- _Task goal_: Pull each line containing "Street" from the data.

(Crawled caption data)
++++

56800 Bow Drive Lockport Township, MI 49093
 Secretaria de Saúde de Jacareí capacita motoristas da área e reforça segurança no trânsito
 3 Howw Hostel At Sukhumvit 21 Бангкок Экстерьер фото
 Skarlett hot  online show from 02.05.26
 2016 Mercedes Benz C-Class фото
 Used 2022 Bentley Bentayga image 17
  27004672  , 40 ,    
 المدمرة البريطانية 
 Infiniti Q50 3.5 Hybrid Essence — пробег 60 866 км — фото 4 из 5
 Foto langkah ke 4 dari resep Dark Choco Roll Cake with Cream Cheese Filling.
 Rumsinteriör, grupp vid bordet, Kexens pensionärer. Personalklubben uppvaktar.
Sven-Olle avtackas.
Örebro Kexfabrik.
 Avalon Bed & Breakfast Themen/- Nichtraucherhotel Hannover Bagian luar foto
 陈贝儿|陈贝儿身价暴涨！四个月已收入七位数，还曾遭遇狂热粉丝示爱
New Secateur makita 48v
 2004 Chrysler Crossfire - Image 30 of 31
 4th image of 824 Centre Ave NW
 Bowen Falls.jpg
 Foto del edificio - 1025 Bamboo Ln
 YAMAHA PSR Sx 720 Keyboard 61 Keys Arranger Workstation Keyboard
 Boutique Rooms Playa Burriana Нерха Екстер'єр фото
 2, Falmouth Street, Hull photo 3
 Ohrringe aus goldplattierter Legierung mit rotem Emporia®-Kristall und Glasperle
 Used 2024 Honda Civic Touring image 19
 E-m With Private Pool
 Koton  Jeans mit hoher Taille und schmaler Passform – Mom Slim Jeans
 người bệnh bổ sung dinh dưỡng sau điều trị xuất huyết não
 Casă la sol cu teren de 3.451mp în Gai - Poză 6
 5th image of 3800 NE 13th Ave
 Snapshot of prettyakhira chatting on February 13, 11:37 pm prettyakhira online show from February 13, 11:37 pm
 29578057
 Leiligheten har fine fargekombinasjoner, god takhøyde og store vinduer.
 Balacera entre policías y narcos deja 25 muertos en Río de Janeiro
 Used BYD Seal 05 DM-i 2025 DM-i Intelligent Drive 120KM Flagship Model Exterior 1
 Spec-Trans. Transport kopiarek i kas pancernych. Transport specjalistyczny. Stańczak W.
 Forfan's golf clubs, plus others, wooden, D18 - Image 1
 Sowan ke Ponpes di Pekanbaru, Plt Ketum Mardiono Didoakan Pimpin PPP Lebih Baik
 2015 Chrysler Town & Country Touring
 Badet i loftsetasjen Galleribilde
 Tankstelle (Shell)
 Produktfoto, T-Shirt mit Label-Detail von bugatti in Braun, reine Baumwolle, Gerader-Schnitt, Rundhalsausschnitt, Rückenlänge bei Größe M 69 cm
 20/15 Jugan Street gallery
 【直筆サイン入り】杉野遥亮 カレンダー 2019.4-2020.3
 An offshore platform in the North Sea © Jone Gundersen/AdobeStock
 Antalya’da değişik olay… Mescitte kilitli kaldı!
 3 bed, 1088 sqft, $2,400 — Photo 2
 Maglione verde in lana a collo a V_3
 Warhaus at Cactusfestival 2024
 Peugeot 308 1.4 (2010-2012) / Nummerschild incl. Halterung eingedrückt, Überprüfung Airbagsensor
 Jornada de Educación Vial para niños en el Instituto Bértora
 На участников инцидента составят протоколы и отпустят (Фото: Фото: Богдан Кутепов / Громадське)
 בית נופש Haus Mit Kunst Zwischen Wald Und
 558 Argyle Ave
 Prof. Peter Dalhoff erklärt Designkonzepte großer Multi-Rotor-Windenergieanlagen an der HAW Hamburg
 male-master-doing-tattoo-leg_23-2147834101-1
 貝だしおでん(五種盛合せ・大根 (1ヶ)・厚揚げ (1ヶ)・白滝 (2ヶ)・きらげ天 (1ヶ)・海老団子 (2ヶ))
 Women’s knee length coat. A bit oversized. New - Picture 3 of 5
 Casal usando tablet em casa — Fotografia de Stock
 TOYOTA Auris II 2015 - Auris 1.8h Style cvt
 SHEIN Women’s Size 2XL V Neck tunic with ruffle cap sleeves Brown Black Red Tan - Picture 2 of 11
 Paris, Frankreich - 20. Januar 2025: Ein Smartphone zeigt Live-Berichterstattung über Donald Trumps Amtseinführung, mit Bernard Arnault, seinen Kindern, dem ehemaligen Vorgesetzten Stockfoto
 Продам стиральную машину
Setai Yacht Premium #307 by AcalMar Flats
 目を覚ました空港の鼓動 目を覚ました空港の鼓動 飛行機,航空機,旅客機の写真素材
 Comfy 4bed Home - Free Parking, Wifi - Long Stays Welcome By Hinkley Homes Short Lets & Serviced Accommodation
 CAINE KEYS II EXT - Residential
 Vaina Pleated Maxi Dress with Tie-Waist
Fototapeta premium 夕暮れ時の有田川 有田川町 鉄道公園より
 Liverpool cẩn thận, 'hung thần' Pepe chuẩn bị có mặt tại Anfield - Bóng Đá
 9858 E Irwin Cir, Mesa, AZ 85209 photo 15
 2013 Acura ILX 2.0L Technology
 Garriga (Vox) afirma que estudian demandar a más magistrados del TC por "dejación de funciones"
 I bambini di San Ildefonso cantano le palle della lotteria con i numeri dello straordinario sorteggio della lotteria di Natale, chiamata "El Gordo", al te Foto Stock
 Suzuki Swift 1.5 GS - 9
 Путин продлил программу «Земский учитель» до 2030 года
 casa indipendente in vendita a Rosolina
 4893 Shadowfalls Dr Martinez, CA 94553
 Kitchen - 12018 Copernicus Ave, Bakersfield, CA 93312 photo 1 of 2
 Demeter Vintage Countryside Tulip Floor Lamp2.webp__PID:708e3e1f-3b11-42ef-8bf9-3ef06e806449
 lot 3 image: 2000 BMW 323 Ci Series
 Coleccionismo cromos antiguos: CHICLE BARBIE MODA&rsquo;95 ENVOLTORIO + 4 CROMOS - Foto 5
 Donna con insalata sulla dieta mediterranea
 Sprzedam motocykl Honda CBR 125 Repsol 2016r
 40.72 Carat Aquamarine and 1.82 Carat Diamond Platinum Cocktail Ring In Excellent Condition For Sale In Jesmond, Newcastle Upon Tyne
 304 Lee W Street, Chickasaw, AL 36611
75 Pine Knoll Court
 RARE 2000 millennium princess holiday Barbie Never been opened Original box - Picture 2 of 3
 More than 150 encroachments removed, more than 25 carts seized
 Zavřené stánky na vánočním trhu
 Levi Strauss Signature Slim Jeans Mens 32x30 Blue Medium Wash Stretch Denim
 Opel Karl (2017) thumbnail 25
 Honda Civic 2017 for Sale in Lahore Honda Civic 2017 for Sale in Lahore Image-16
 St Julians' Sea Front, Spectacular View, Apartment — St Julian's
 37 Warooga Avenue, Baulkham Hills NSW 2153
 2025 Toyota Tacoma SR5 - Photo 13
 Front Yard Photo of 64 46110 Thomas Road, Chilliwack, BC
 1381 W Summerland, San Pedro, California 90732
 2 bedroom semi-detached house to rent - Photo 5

++++

- _Solution_:
 2, Falmouth Street, Hull photo 3
 20/15 Jugan Street gallery
 304 Lee W Street, Chickasaw, AL 36611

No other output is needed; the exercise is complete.